▶ _YOUR INSTRUCTIONS_
Give the records below again in full, exactly as written, but without any images.

▶ _DATA UNDER STUDY_
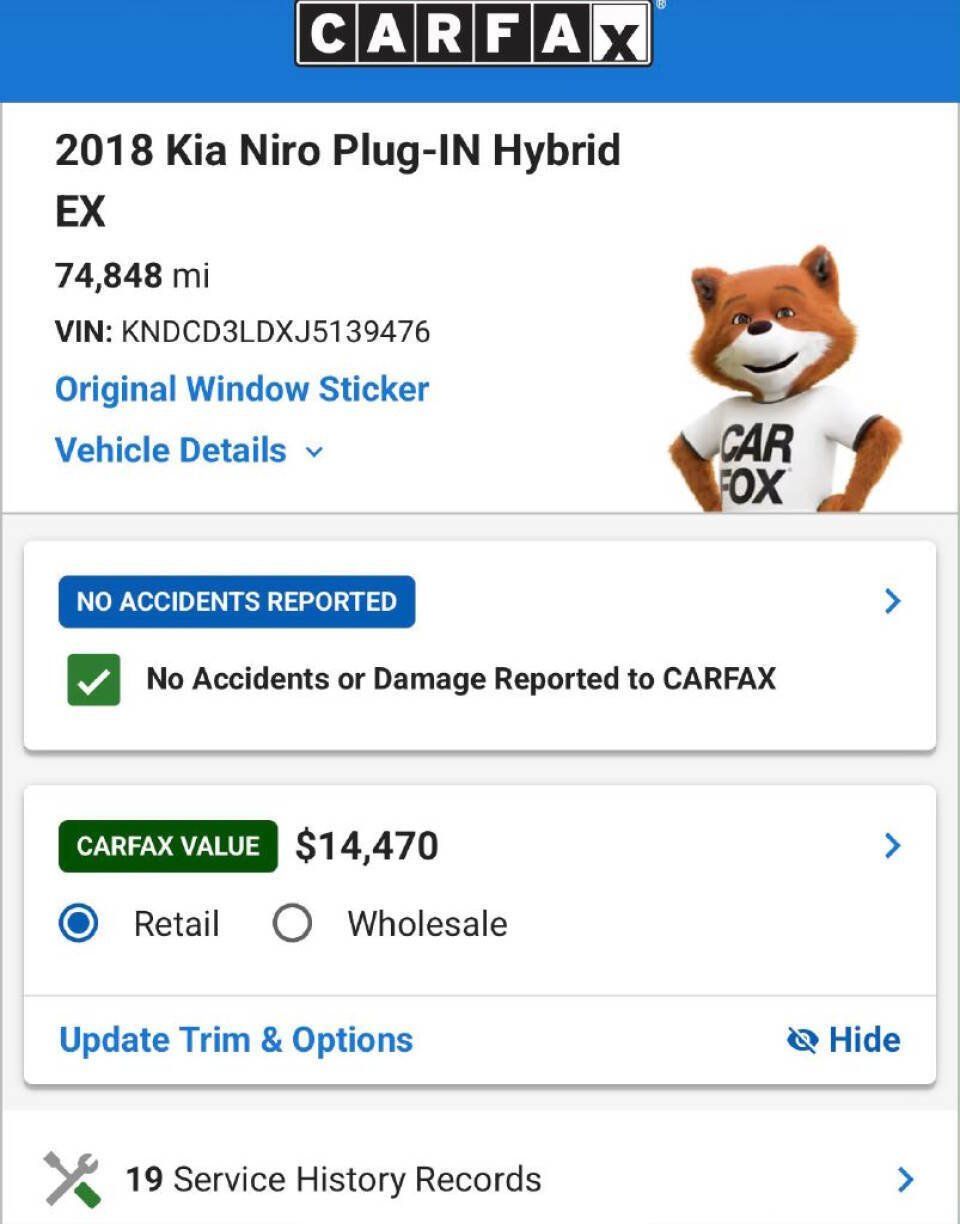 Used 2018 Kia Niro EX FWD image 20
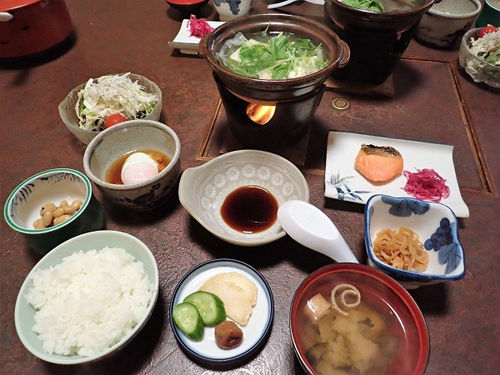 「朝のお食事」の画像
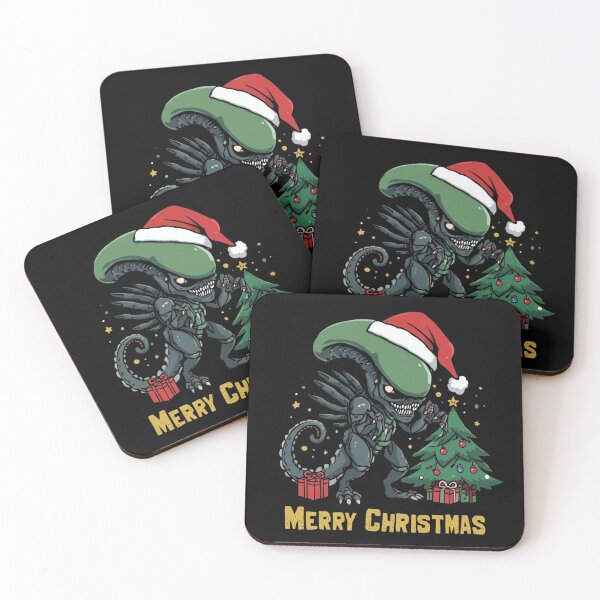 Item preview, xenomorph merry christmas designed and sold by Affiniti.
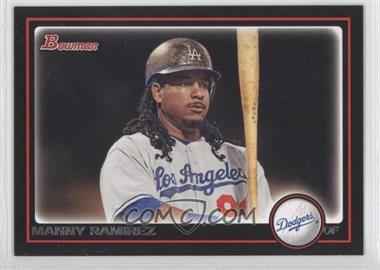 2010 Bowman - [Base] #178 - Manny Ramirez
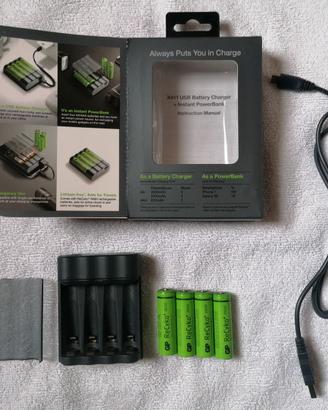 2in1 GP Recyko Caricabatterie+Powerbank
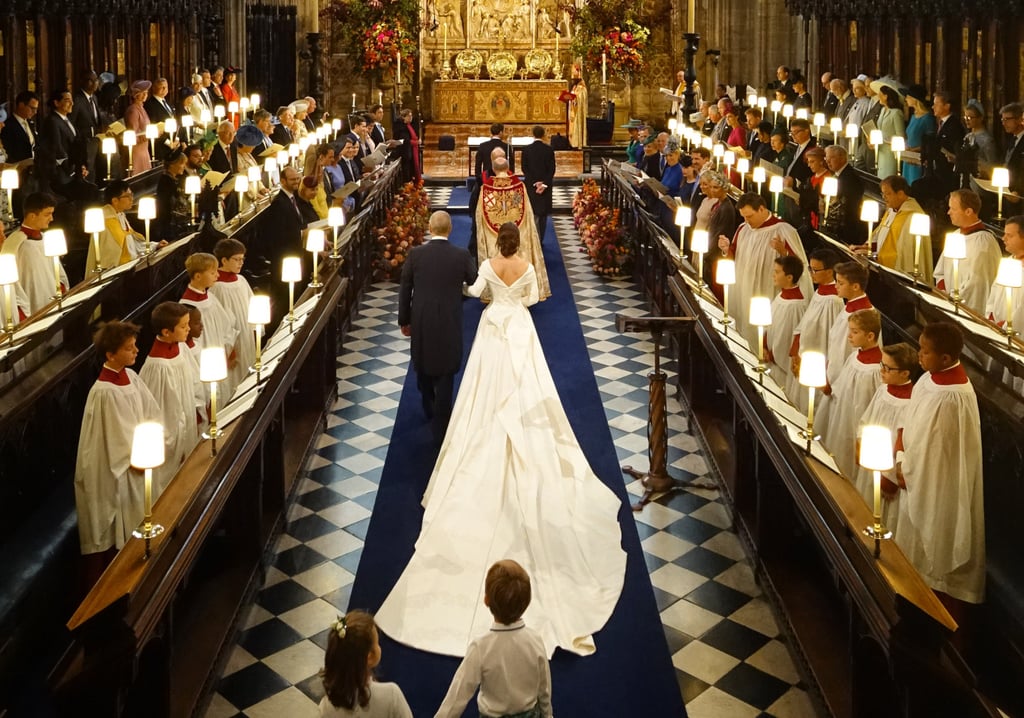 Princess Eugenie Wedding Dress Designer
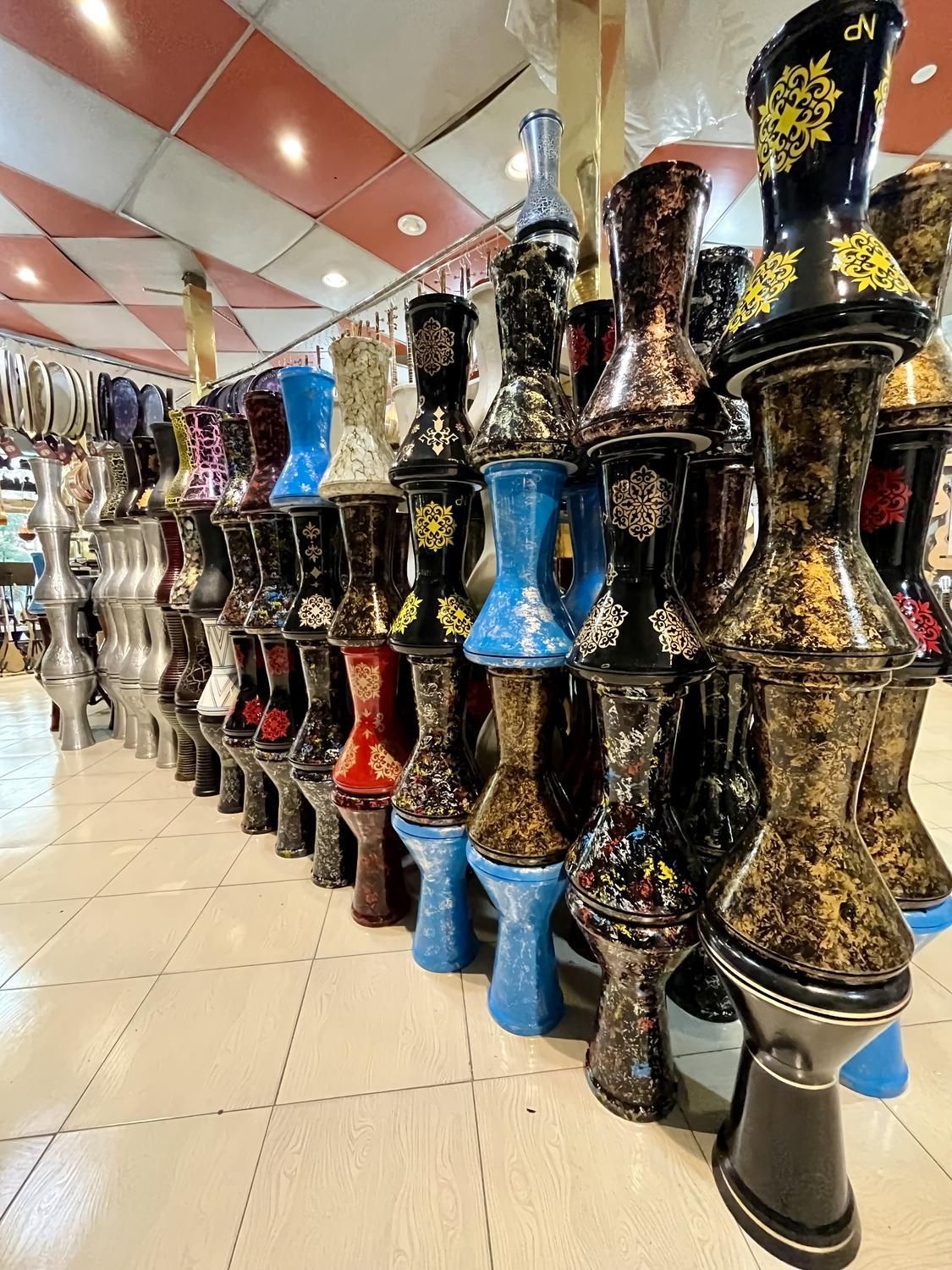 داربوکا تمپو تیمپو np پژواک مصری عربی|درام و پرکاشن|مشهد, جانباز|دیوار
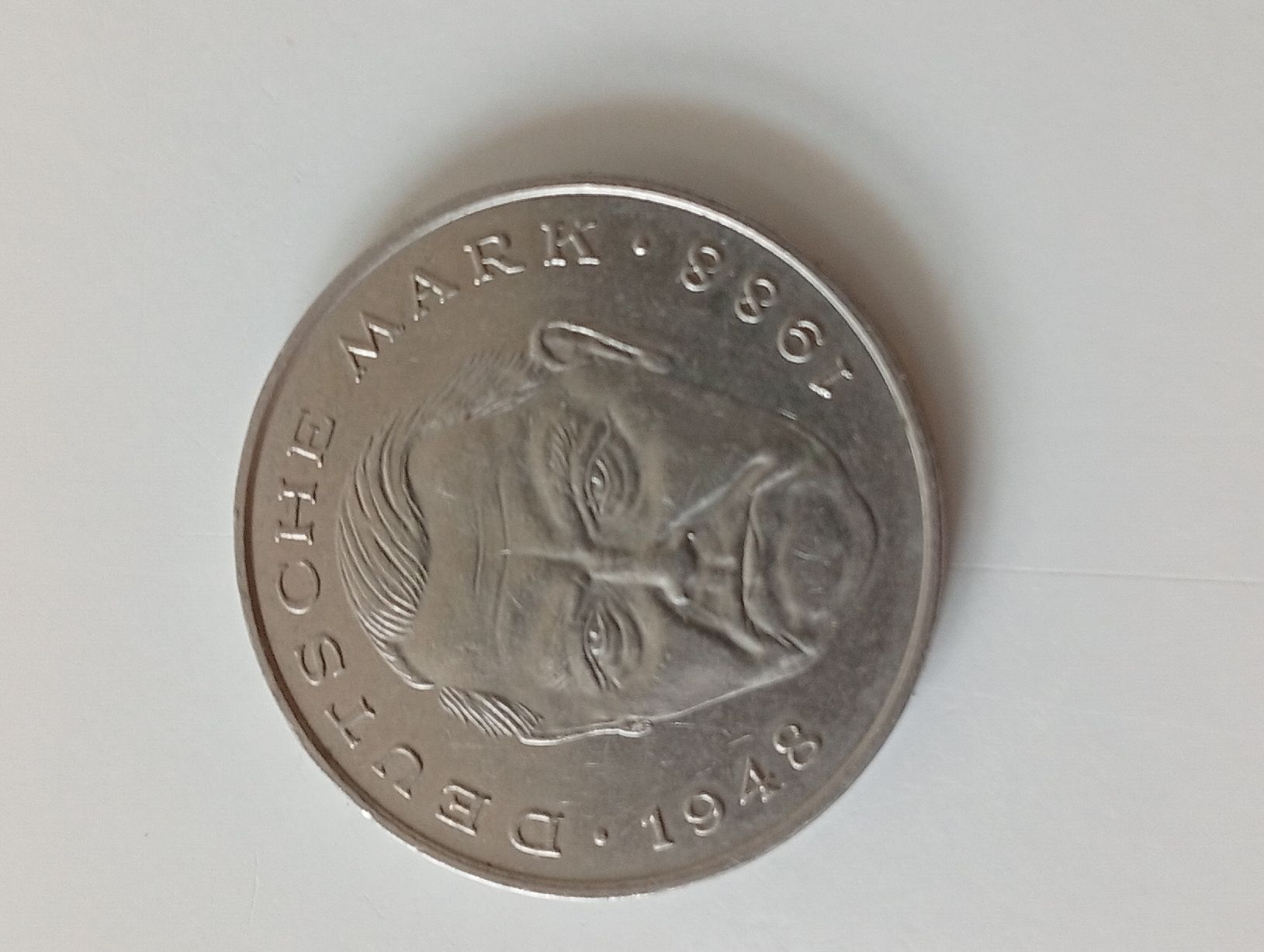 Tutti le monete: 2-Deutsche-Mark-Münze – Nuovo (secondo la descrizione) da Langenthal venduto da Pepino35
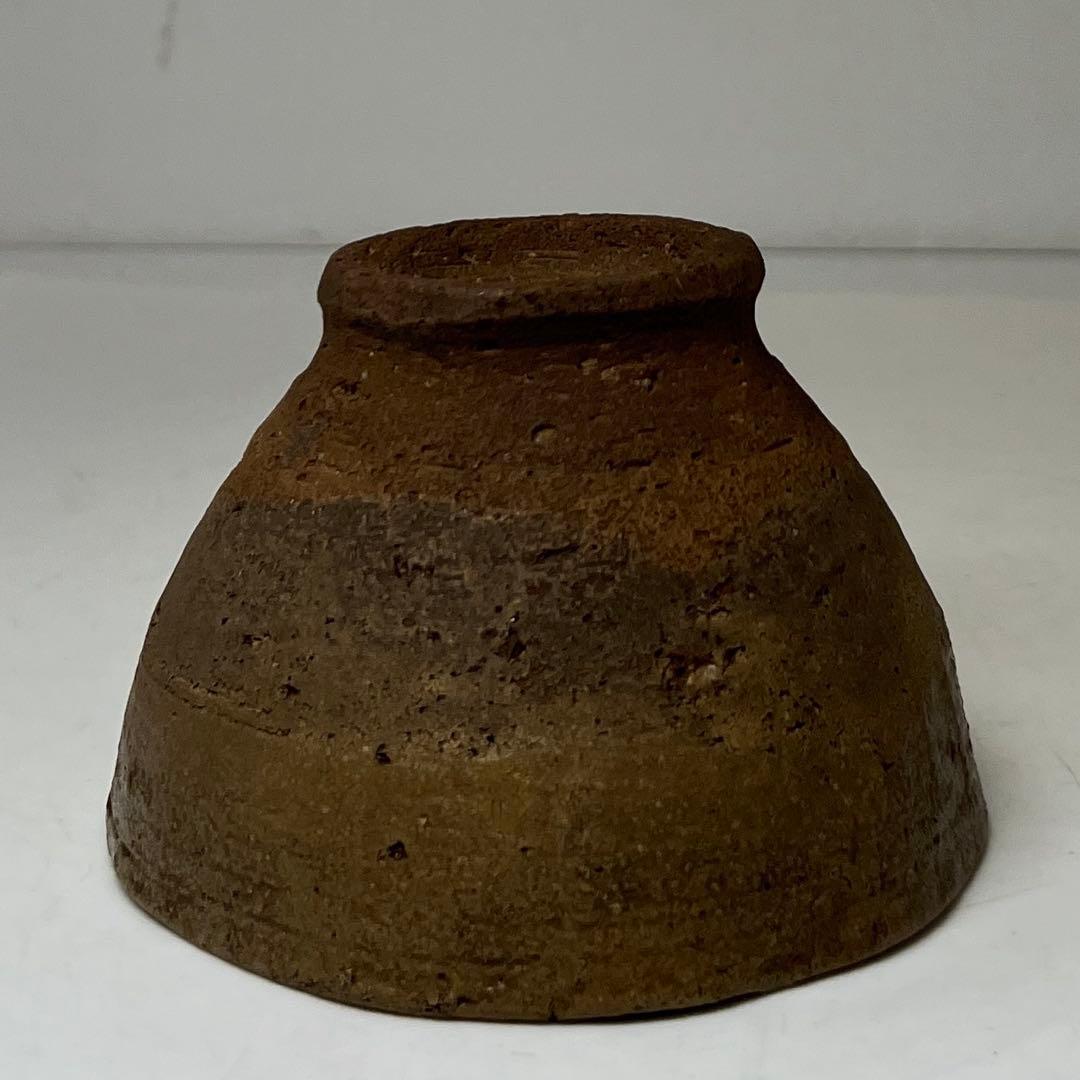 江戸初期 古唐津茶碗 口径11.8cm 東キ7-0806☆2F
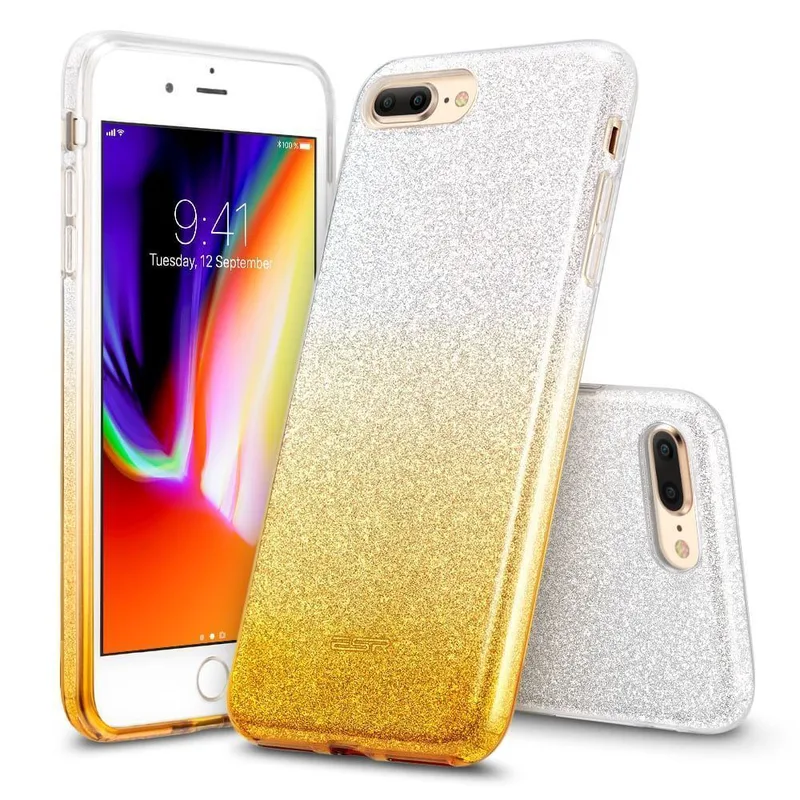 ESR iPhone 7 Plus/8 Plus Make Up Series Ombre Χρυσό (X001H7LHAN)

▶ _SOLUTION FOR THIS TASK_
 Used 2018 Kia Niro EX FWD image 20
 「朝のお食事」の画像
 Item preview, xenomorph merry christmas designed and sold by Affiniti.
 2010 Bowman - [Base] #178 - Manny Ramirez
 2in1 GP Recyko Caricabatterie+Powerbank
 Princess Eugenie Wedding Dress Designer
 داربوکا تمپو تیمپو np پژواک مصری عربی|درام و پرکاشن|مشهد, جانباز|دیوار
 Tutti le monete: 2-Deutsche-Mark-Münze – Nuovo (secondo la descrizione) da Langenthal venduto da Pepino35
 江戸初期 古唐津茶碗 口径11.8cm 東キ7-0806☆2F
 ESR iPhone 7 Plus/8 Plus Make Up Series Ombre Χρυσό (X001H7LHAN)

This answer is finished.